LVZ Leipziger Volkszeitung, Lokales, 28.01.2008
„Die Demokratie in Leipzig hat gesiegt“
Frage: Im Rathaus wurden Sie lange Zeit belächelt – jetzt haben Sie und Ihre Mitstreiter allen Grund zum Lachen. Wo sehen Sie die Ursachen für Ihren Erfolg?
Mike Nagler: Nicht wir haben bei diesem Bürgerentscheid gesiegt, sondern die Demokratie in Leipzig. Dieses Votum zeigt, dass den Leipzigern wichtig ist, was mit und in ihrer Stadt geschieht. Und dass den Menschen bei der kommunalen Daseinsvorsorge die Gemeinwohlorientierung wichtiger ist als privater Gewinn.
Fühlen Sie sich von der Stadtverwaltung fair behandelt?

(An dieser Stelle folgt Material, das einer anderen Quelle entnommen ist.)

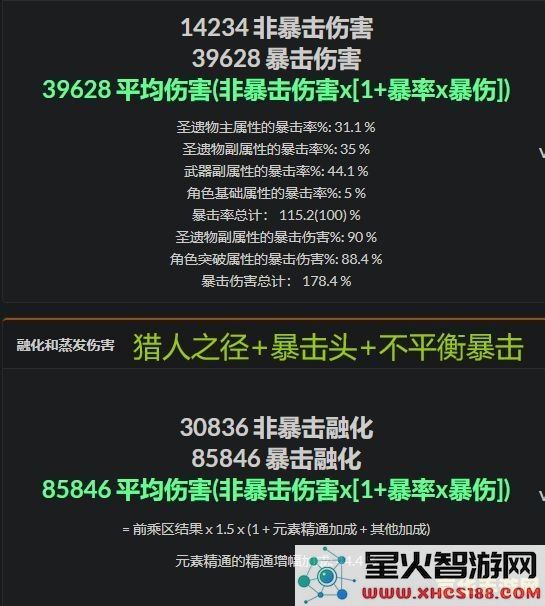原神猎人之径绝版了吗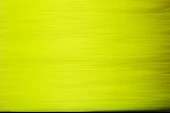 DAM Tectan Carp 1000m Yellow Sarı Monofilament Sazan Misinası - 2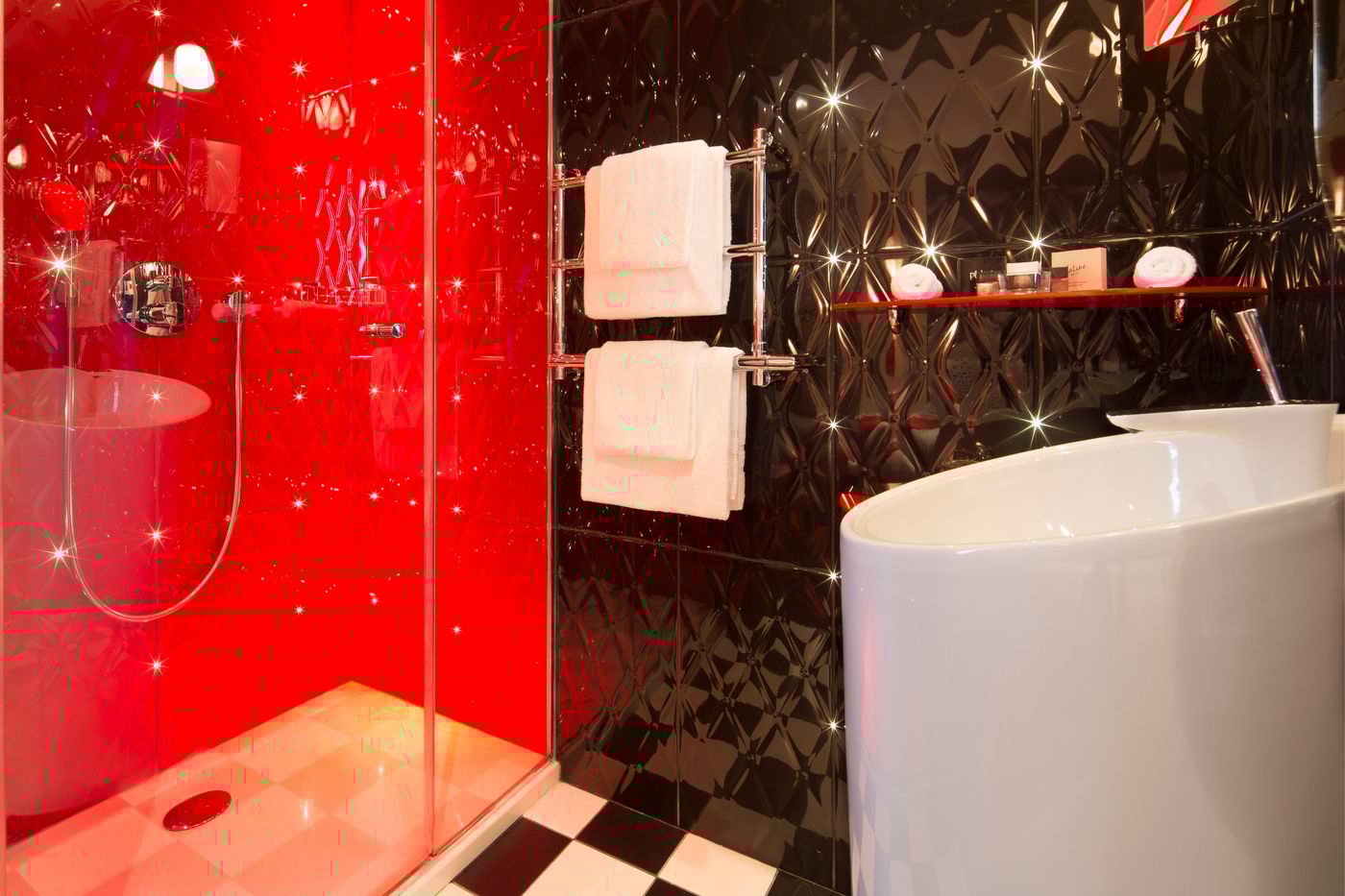 Platine-Hotel-et-Spa-Room-16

Der Oberbürgermeister hat die Mittel der Stadt umfangreich genutzt, um seine Position darzustellen. Aber die Pro- und Contra-Argumentation wurde nicht ausgewogen dargestellt. Der Geschäftsführer der stadteigenen LVV-Holding hat sogar mit kommunalen Geldern in den Wahlkampf eingegriffen. Er hat damit Anzeigen geschaltet und sogar Flyer an die Haushalte verteilen lassen, die für den Verkauf der Stadtwerke warben.
Sie meinen, die Stadt hat eine Desinformationskampagne gestartet?

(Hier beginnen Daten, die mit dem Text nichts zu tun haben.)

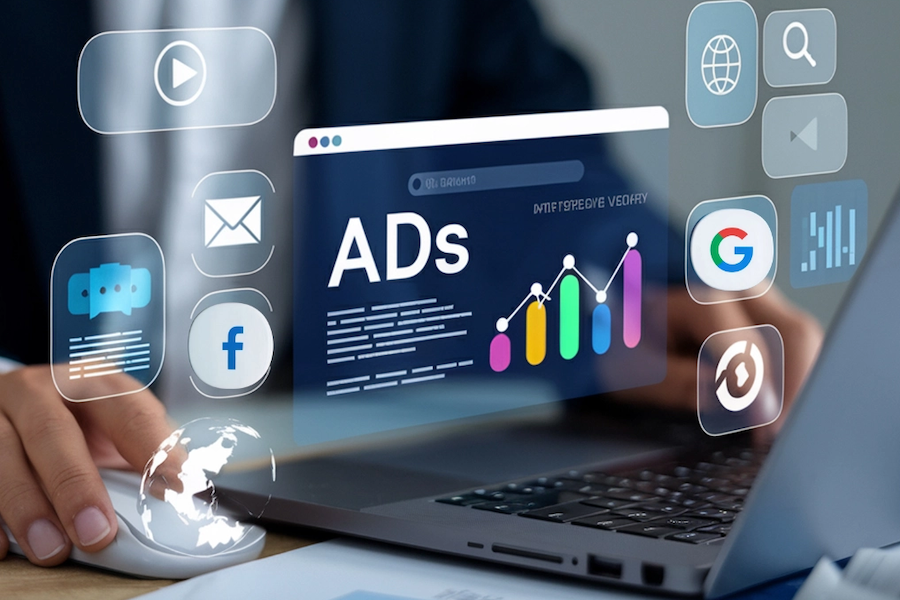 Tech-first agencies are reshaping APAC's marketing models for SMEs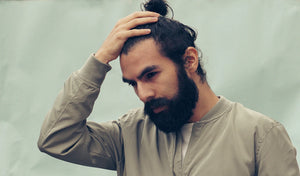 Understanding Minoxidil The Science Behind Hair Growth
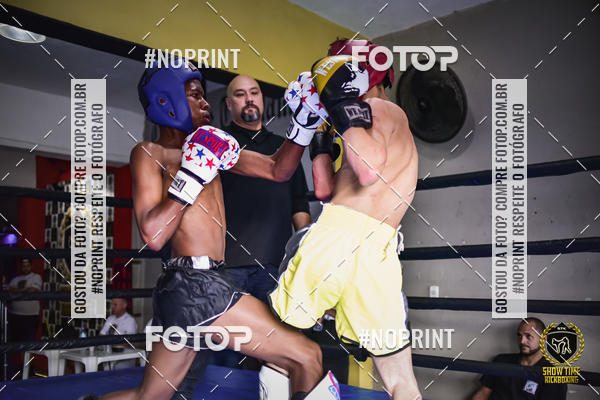 Buy your photos of the eventShow Time Kickboxing (16/06/2019) on Fotop
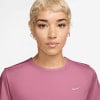 Nike Tempo Laufshirt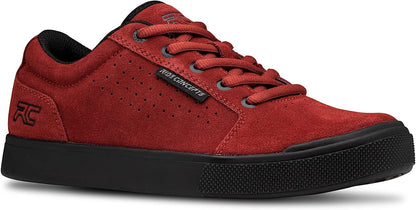 Ride Concepts Vice Women's Shoes Manzanita UK 6
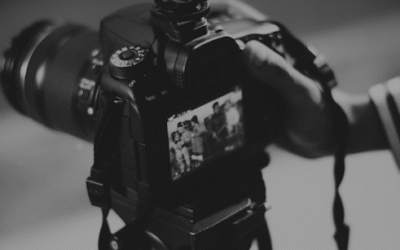 📹 Tips Penting Memilih Jasa Video Event Profesional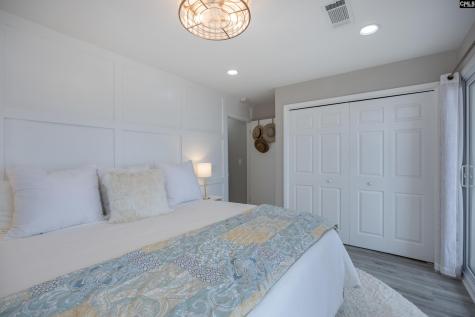 20 Indian Creek Trail Lexington SC 29072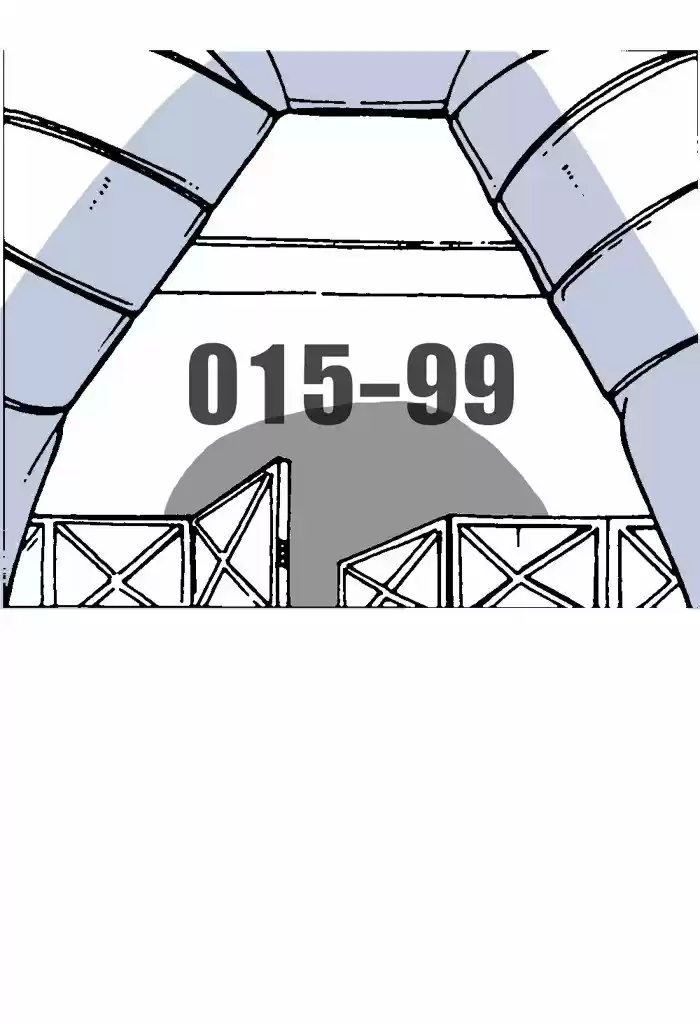 Moon You capítulo 8, página 41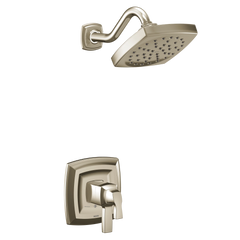 Voss M-CORE 4-Series Shower Trim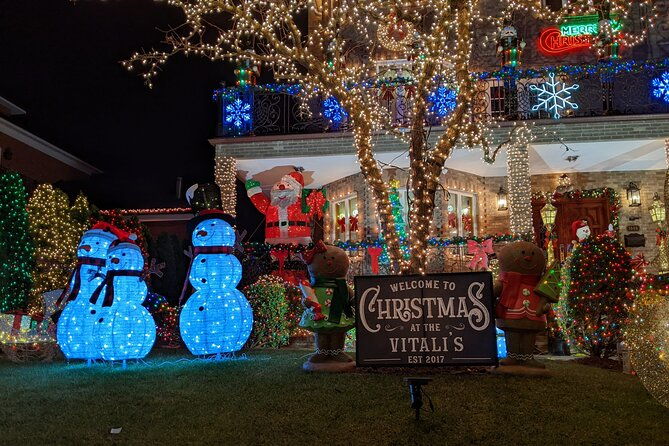 christmas-lights-tour-2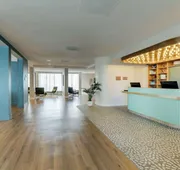 Sonesta Select Scottsdale at Mayo Clinic Campus hotel detail image 3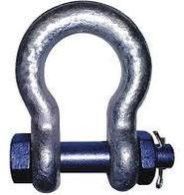 U Bolt Shackle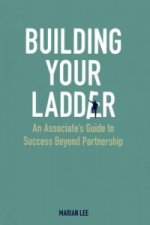 Building Your Ladder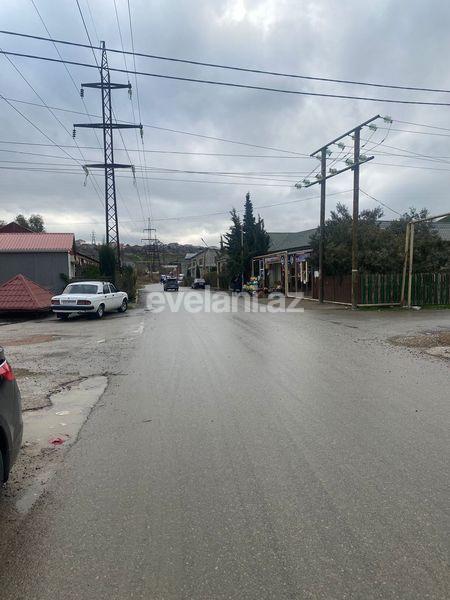 Kirayə verilir, obyekt, 320 m², Bakı, Binəqədi r, Biləcəri q.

Sie hat einseitig informiert. Und was der LVV-Chef gemacht hat, ist eigentlich gar nicht zulässig: Es darf nicht mit Geldern der Kommune seine persönlichen Interessen bewerben und seine Politik machen.
Wie geht es jetzt weiter?
Das Signal der Leipziger ist eindeutig und kein Einzelfall in Deutschland. Die Bürger sehen in der Privatisierung der städtischen Firmen keine nachhaltige Lösung für die Unterfinanzierung der Kommunen. Sie wollen stattdessen eine vernünftige finanzielle Ausstattung der Städte. Eine Ausstattung, die sie in die Lage versetzt, ihre Aufgaben zu lösen. Der Oberbürgermeister und die Lokalpolitik sind jetzt aufgefordert, mit den Bürgern gemeinsam Alternativen zum Ausverkauf der Stadt zu suchen. Wir bieten dafür unsere Mitarbeit an.